2024-10-21 16:49:15,024 ERROR [GitHubAdvisoryMirrorTask] An error was encountered retrieving advisories with HTTP Status : 403 Forbidden 
{  "documentation_url": "https://docs.github.com/free-pro-team@latest/rest/overview/rate-limits-for-the-rest-api#about-secondary-rate-limits",  
"message": "You have exceeded a secondary rate limit. Please wait a few minutes before you try again. 
If you reach out to GitHub Support for help, please include the request ID DEAD:DEED39:7ADE8B:ED56A1:67168609."}

curling my user I see these headers

< x-github-media-type: github.v4; format=json
< x-ratelimit-limit: 5000
< x-ratelimit-remaining: 4845
< x-ratelimit-reset: 1729532625
< x-ratelimit-used: 155
< x-ratelimit-resource: graphql

Attempted to get feedback on this issue as a discussion first. https://github.com/DependencyTrack/dependency-track/discussions/4239

Steps to Reproduce

  1. Enable GitHub Mirroring and notifications when it fails.

Expected Behavior

Secondary rate limits should be handled with a retry with backoff strategy.

Dependency-Track Version

4.11.x

Dependency-Track Distribution

Container Image

Database Server

PostgreSQL

Database Server Version

11.22

Browser

Google Chrome

Checklist

nscuro commented 1 month ago

Been meaning to switch to https://github.com/jeremylong/Open-Vulnerability-Project/tree/main/open-vulnerability-clients#github-security-advisory-example for this anyway. We already use that lib for the NVD REST API integration and it handles retries, also for rate limiting, behind the scenes. In doing this, we should also switch to incremental mirroring so we're not re-downloading everything everyday, which is what we're currently doing.

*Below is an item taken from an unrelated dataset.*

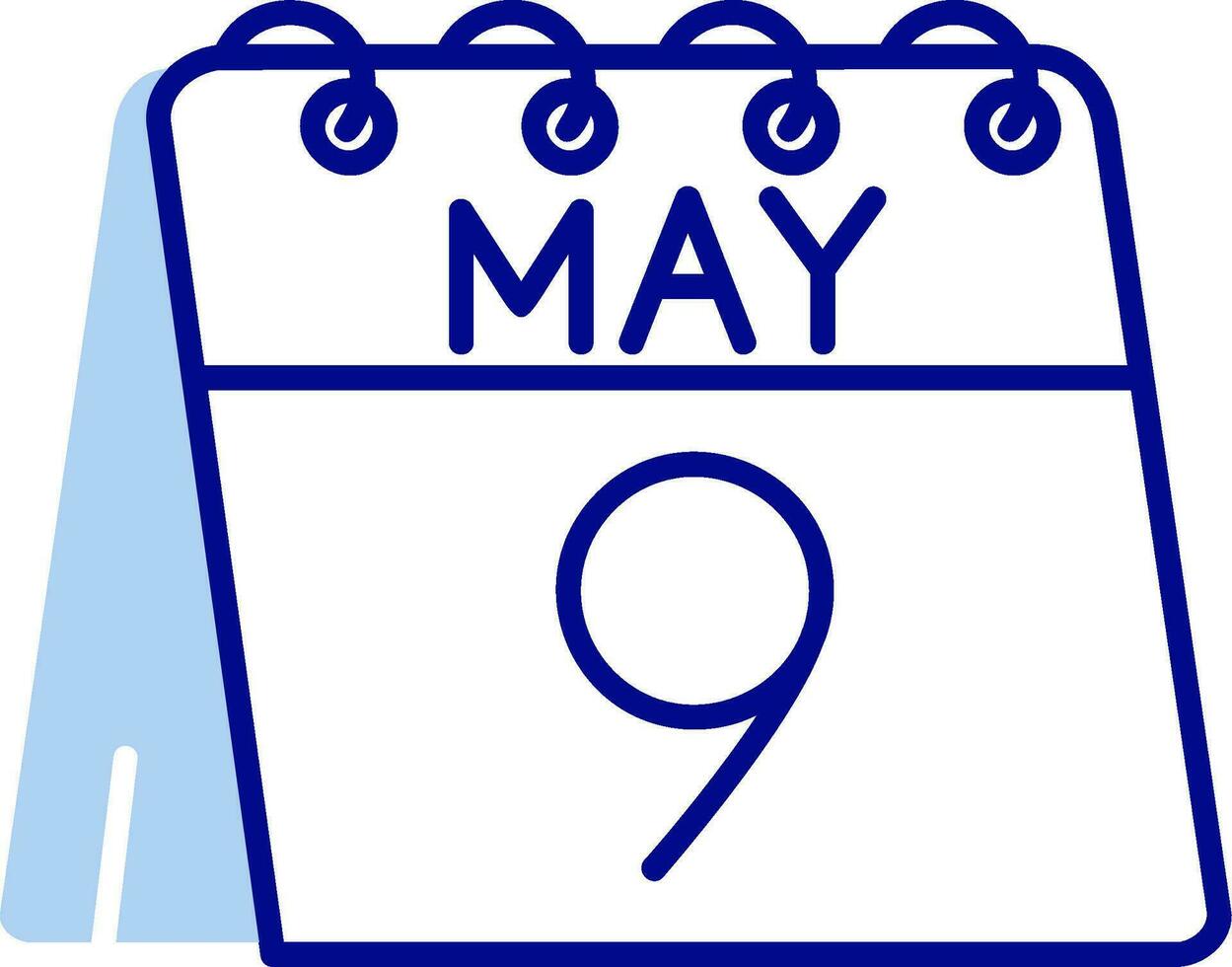 9th of May Line Filled Icon vector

nscuro commented 1 month ago

@officerNordberg In #4239 you mention:

Is everyone else using this with enterprise accounts and not personal accounts?

Regarding secondary rate limits, the GitHub docs say:

Make too many concurrent requests. No more than 100 concurrent requests are allowed. This limit is shared across the REST API and GraphQL API.

Could it be that your organization has other API tokens that are used for interacting with GitHub's APIs? I'm wondering if simply using a personal token would at least temporarily resolve the issue for you.

In any case, given this statement in the docs:

These secondary rate limits are subject to change without notice. You may also encounter a secondary rate limit for undisclosed reasons.

we will need a retry mechanism no matter if the above resolves your problem for now.

officerNordberg commented 1 month ago

Could it be that your organization has other API tokens that are used for interacting with GitHub's APIs? I'm wondering if simply using a personal token would at least temporarily resolve the issue for you.

Nope, the tokens I've used are personal and not Enterprise. I also created new ones and purged old ones. Nothing else was using the tokens. I posted the rate-limit output, it was not hitting the primary limits, it was hitting the secondary limits. I asked about Enterprise tokens to see why this wasn't a more pervasive issue. The only thing that came to mind was everyone else IS using Enterprise tokens which might be why no one else seems to be seeing this issue. The other thought was maybe most people are experiencing mirroring issues but just not seeing it because they don't have notifications configured like ours.

In any case, given this statement in the docs:

These secondary rate limits are subject to change without notice. You may also encounter a secondary rate limit for undisclosed reasons.

we will need a retry mechanism no matter if the above resolves your problem for now.

Yes, the current download the entire thing daily without any retry appears to be in need of replacement.